— Problem description —
With pictures omitted, the line containing "铜官汽油发电机组冬季保养时，燃油系统需要注意什么？" and all later lines of the records below are to be restated word for word.

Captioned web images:
######

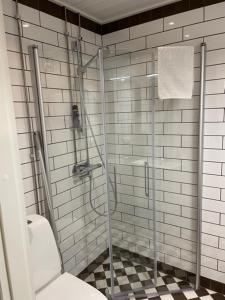 Market place Jakobstad Pietarsaari 53m2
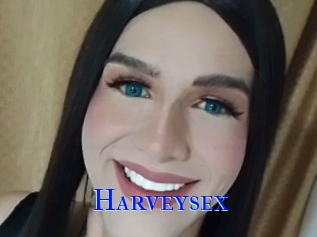 Harveysex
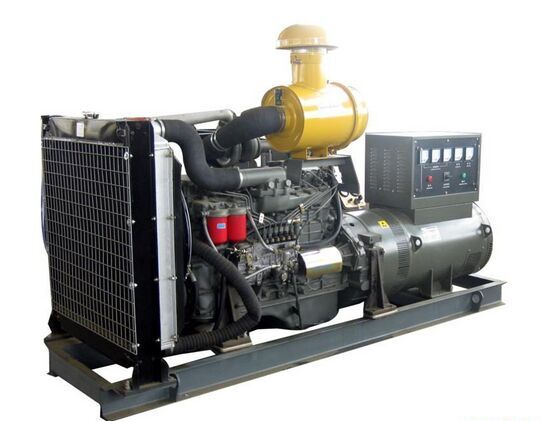 铜官汽油发电机组冬季保养时，燃油系统需要注意什么？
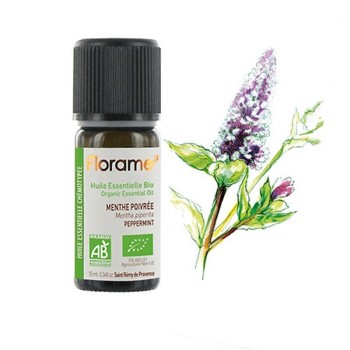 ESENCIA MENTA PIP.  10ML....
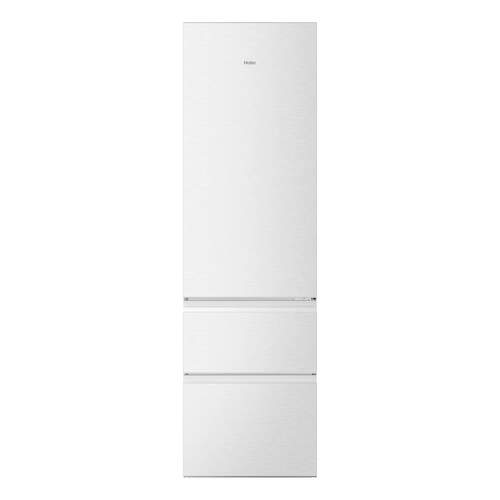 Frigorífico Combi Haier HTR3620CNPW Frigorífico Combi Haier HTR3620CNPW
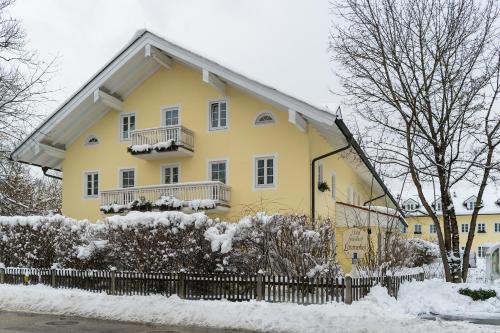 Munchen District Hotel | Hotel Limmerhof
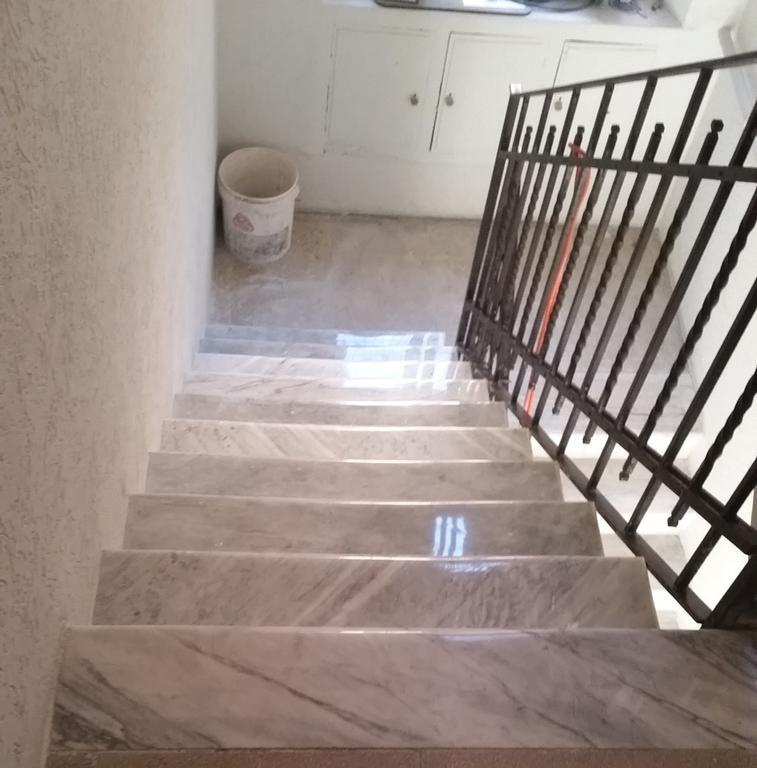 Ferienwohnung Castel Bolognese Rom Exterior foto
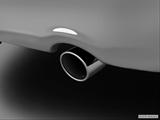  Chrome tip exhaust pipe photo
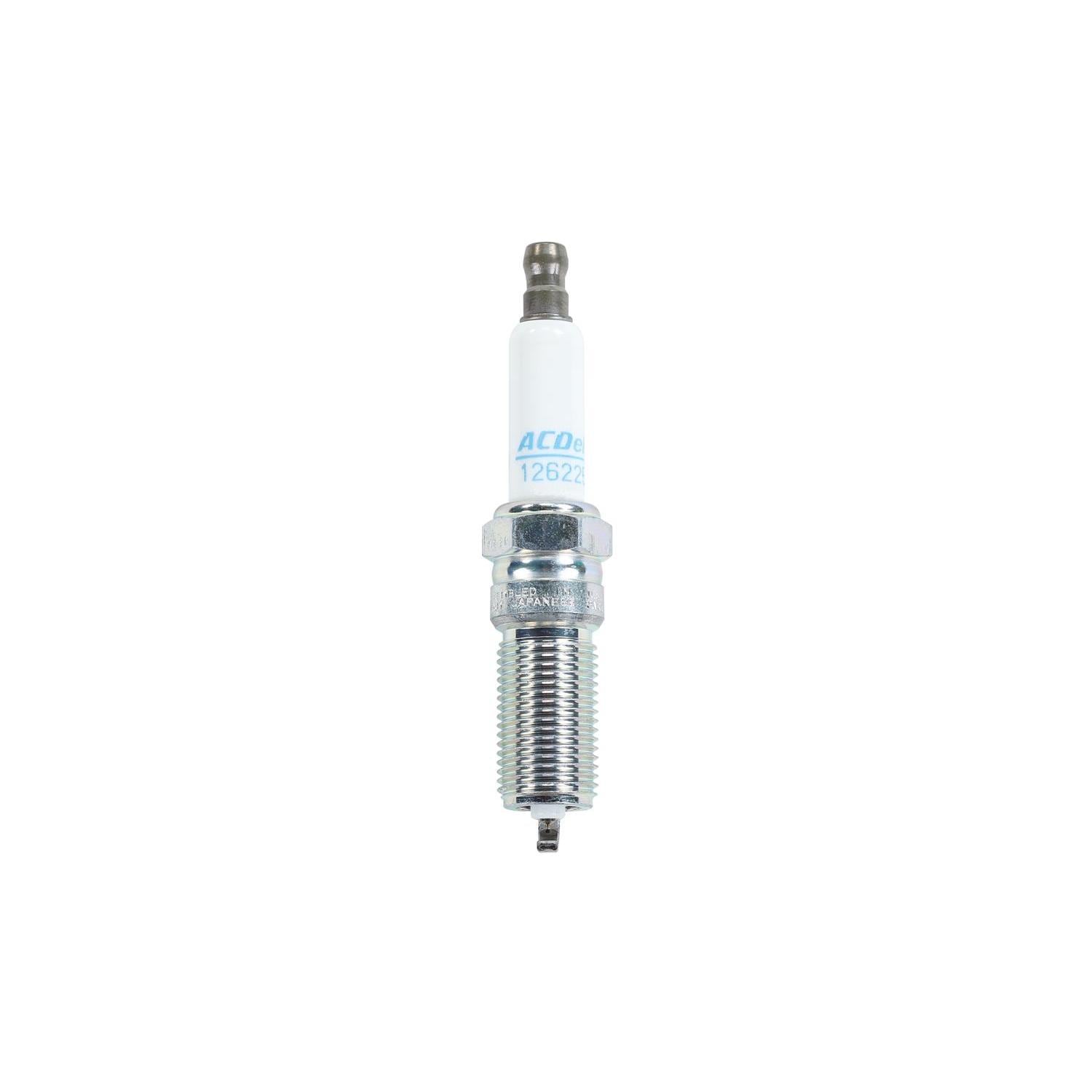 ACDelco GM Original Equipment Iridium Spark Plug 41-109 | AutoZone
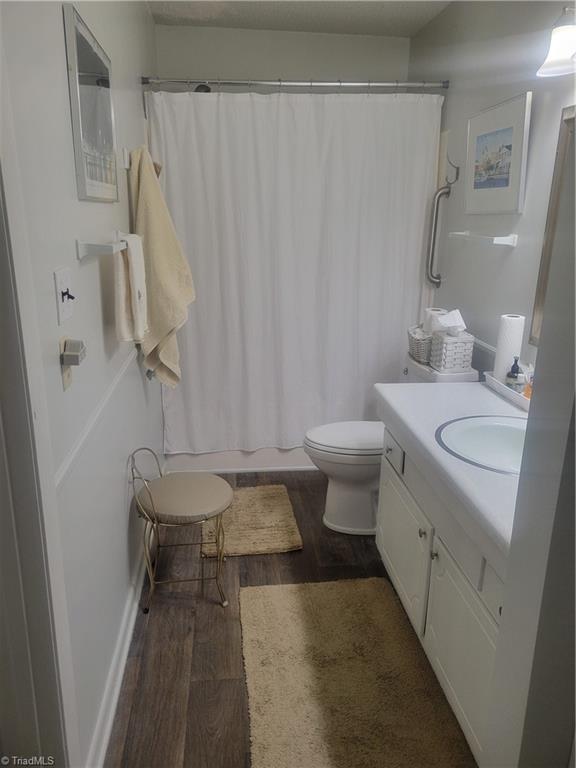 2230 Sunderland Road # 44E, Winston-Salem Unit: 44E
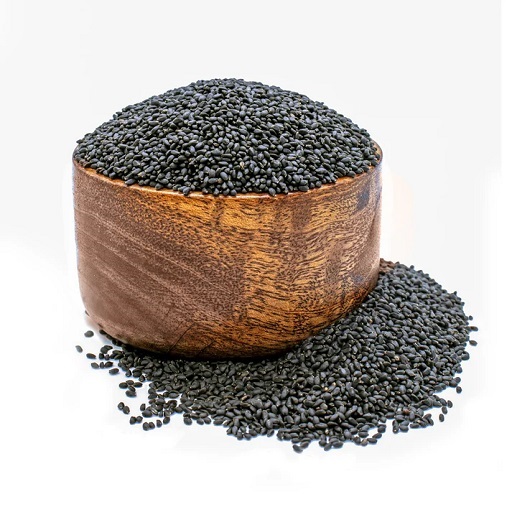 Basil Seeds (Sabja Seeds)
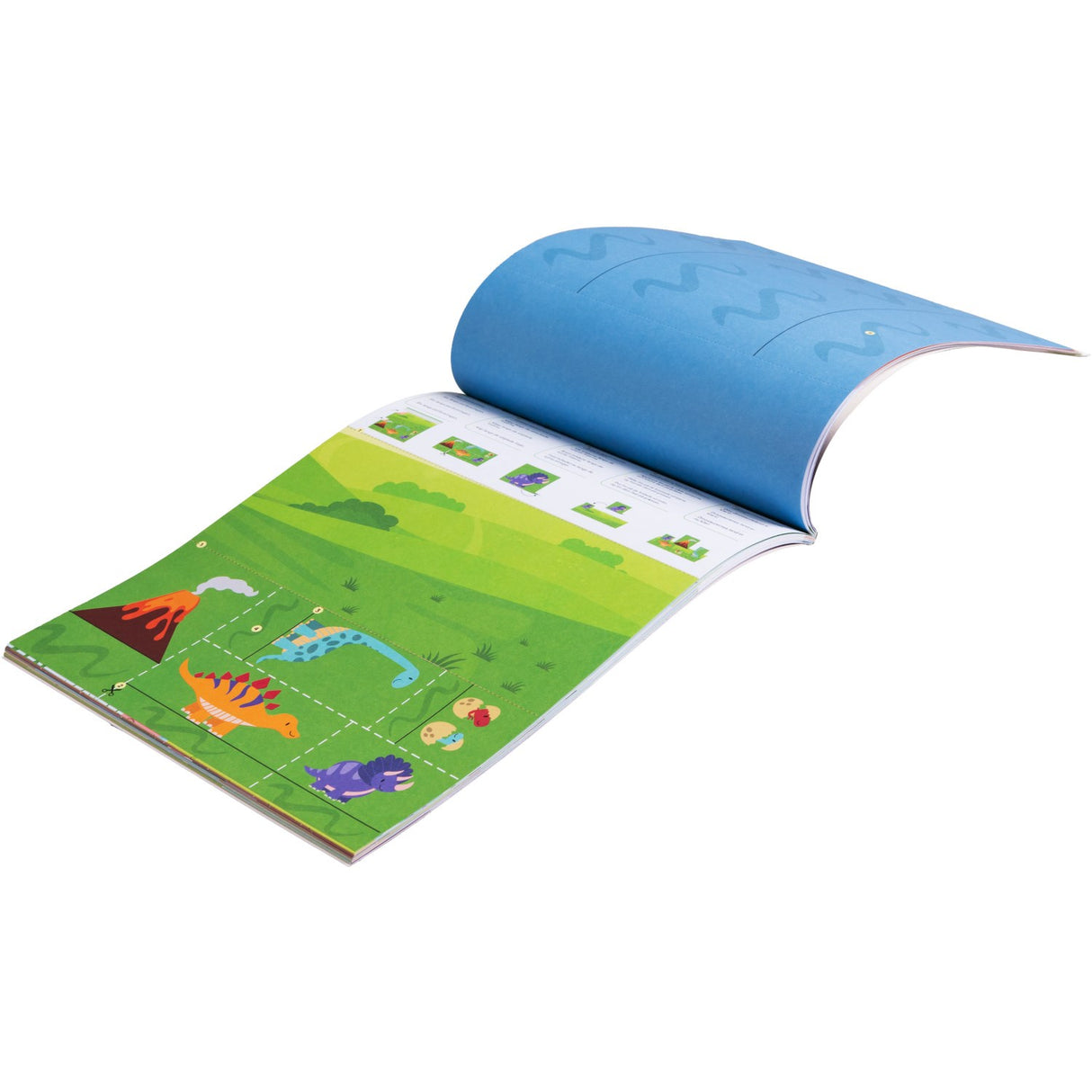 Skillmatics Clip Clip Original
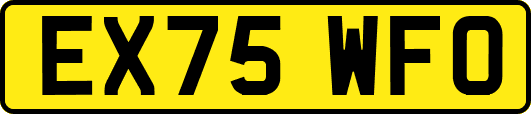 EX75WFO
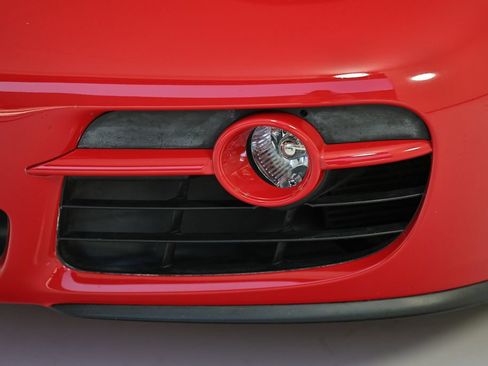 Used 2007 Porsche Cayman RWD image 12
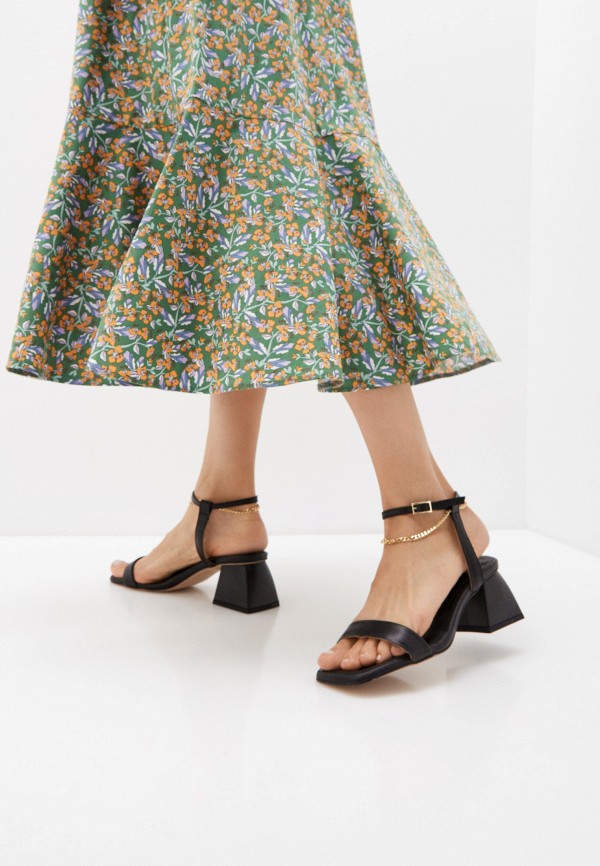 фото Босоножки valley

######

— Solution to this exercise —
 铜官汽油发电机组冬季保养时，燃油系统需要注意什么？
 ESENCIA MENTA PIP.  10ML....
 Frigorífico Combi Haier HTR3620CNPW Frigorífico Combi Haier HTR3620CNPW
 Munchen District Hotel | Hotel Limmerhof
 Ferienwohnung Castel Bolognese Rom Exterior foto
  Chrome tip exhaust pipe photo
 ACDelco GM Original Equipment Iridium Spark Plug 41-109 | AutoZone
 2230 Sunderland Road # 44E, Winston-Salem Unit: 44E
 Basil Seeds (Sabja Seeds)
 Skillmatics Clip Clip Original
 EX75WFO
 Used 2007 Porsche Cayman RWD image 12
 фото Босоножки valley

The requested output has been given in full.